Fixing urlparse: More on pyparsing and introducing netaddress

This is the last in a series of three posts (1, 2), discussing issues with pythons urlparse module. Here, I intend to provide a solution.

In the last post, I was talking about parser combinators and parsec in particular, mentioning pyparsing towards the end. The angel-app being a python application, parsec, while cool, is of no immediate use. pyparsing on the other hand provides parsec-like functionality for python. Consider this excerpt from the RFC 3986-compliant URI parser that I'm about to present in this post (please ignore as usual the blog's spurious formatting):

dec_octet = Combine(Or([
Literal("25") + ZeroToFive, # 250 - 255
        Literal("2") + ZeroToFour + Digit,     # 200 - 249
        Literal("1") + repeat(Digit, 2),       # 100 - 199
        OneToNine + Digit,                     # 10 - 99
        Digit                                  # 1-9    
IPv4address = Group(repeat(dec_octet + Literal("."), 3) + dec_octet)

And now:

>>> from netaddress import IPv4address 
[snipped warning message]
>>> IPv4address.parseString("")
([(['127', '.', '0', '.', '0', '.', '1'], {})], {})
>>> IPv4address.parseString("350.0.0.1")
Traceback (most recent call last):
File "", line 1, in ?
egg/", line 1244, in parseImpl
raise exc
pyparsing.ParseException: Expected "." (at char 2), (line:1, col:3)
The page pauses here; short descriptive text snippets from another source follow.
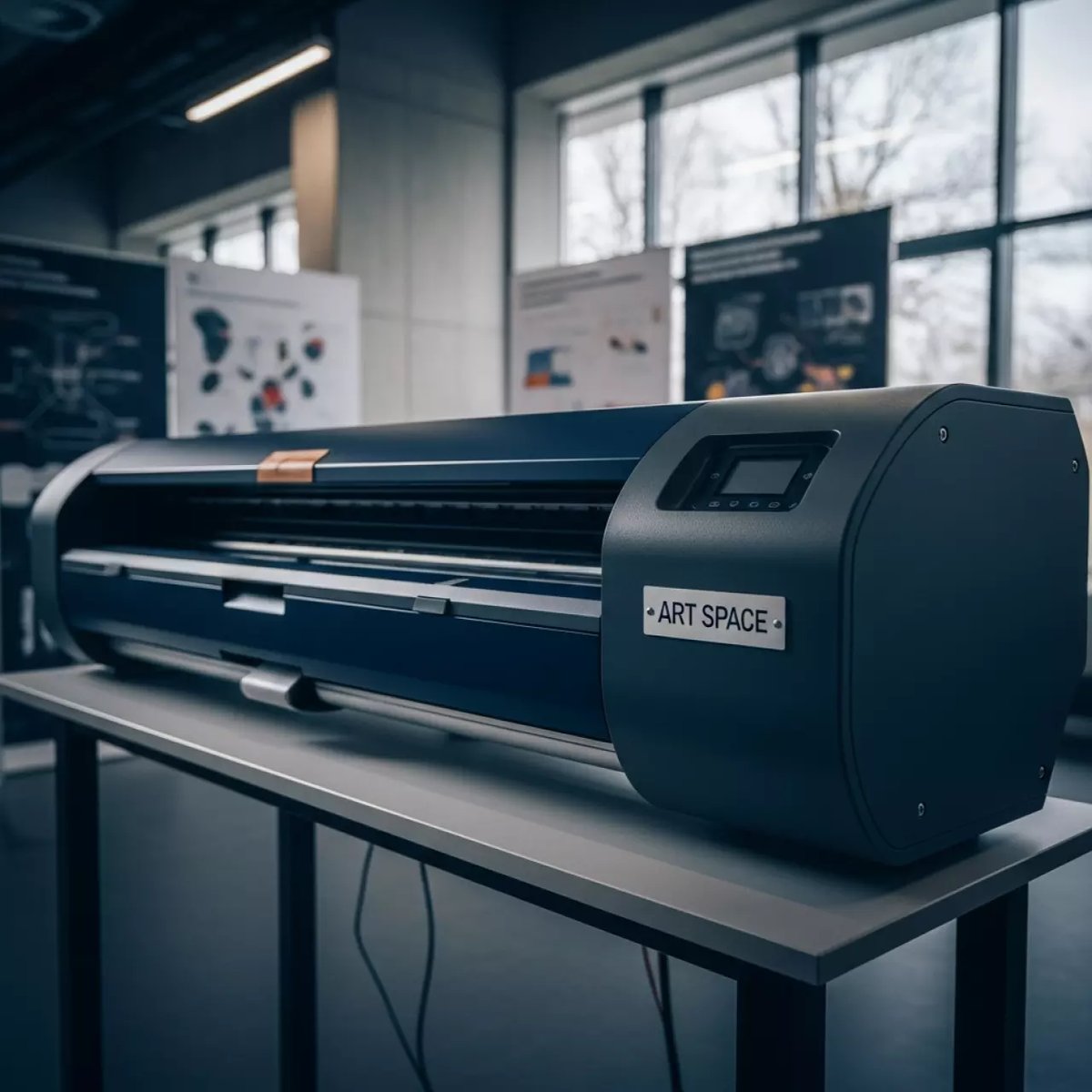 Аренда Струйный плоттер Epson SureColor SC P5000 STD C11CF66001A0 в Grand Karat Sochi — ART SPACE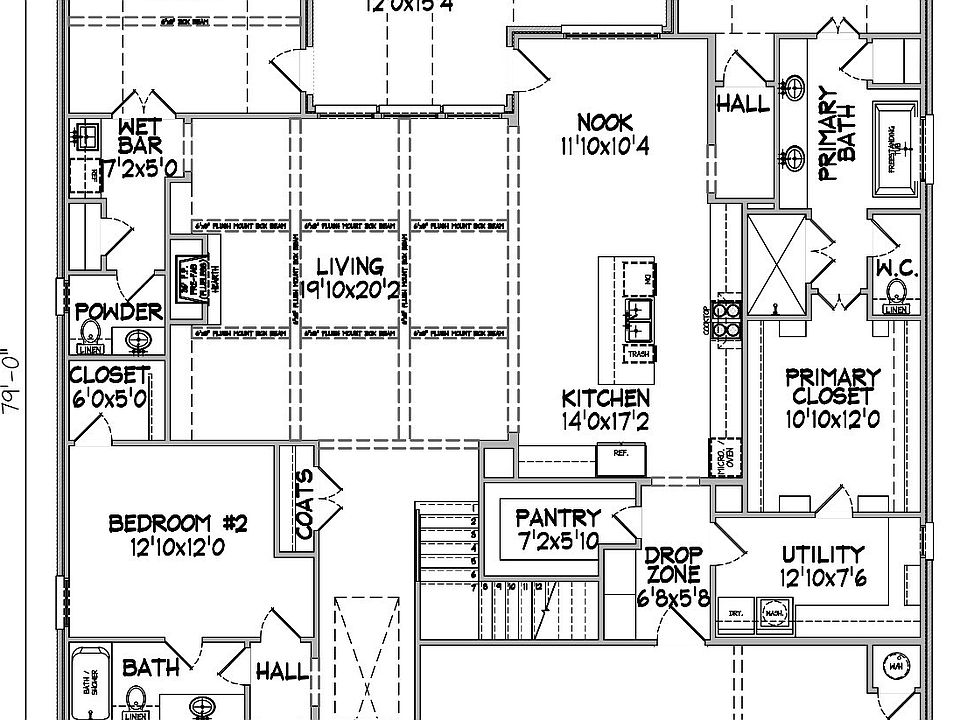 2nd image of 4232 S 170th Ave E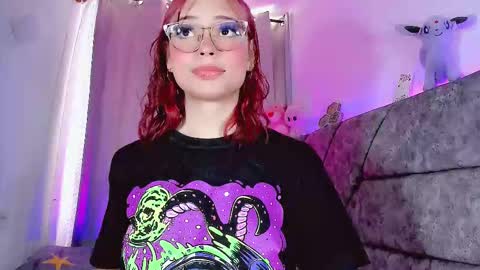 Valentina online show from 10/12/25, 07:02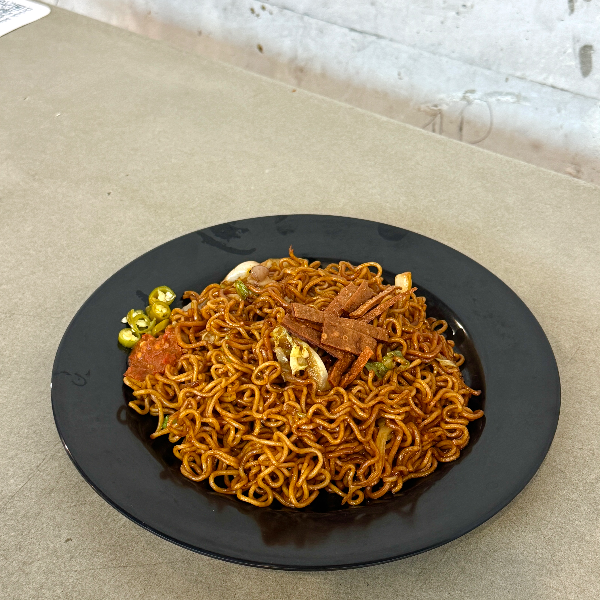 Maggie Mee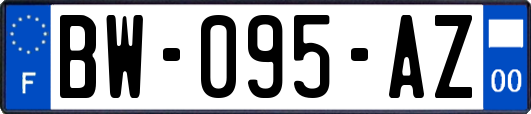 BW-095-AZ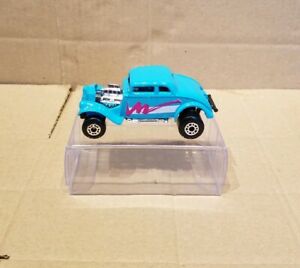 【送料無料】ホビー　模型車　車　レーシングカー マッチロッドスケールmatchbox33 willys streey rod, echelle 164 environ en parfait etat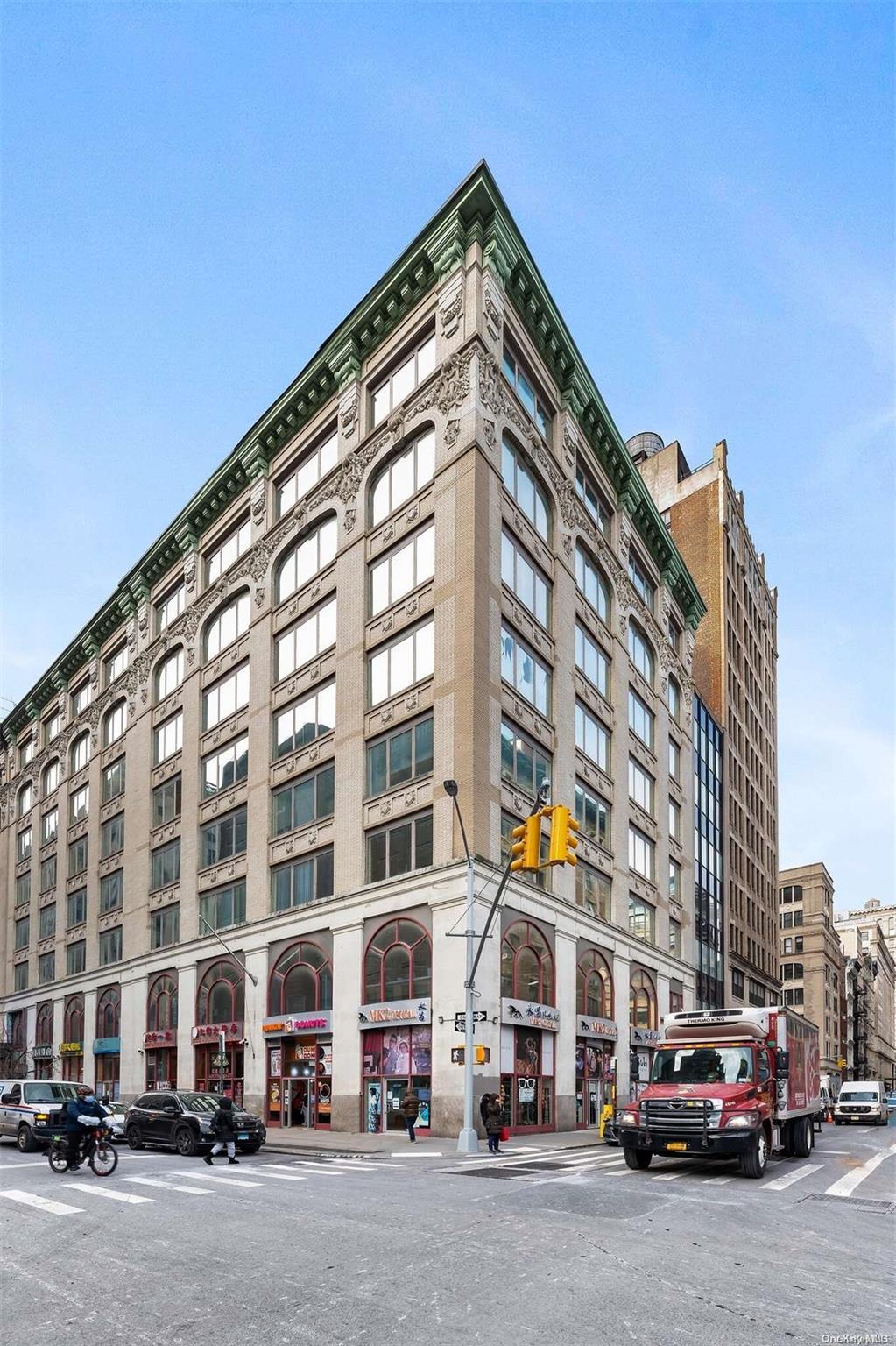 Commercial Sale Centre  Manhattan, NY 10013, MLS-L3559043-2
Anyhow, what I mean to say is this: We have a validating URI parser now. Apart from the bugs that are still to be expected for a piece of code at this early stage, it should be RFC 3986 compliant. You can get either the python package, or a tarball of the darcs repository (unfortunately my zope account chockes on the "_darcs" directory filename, so I'm still looking for a good way to host the darcs).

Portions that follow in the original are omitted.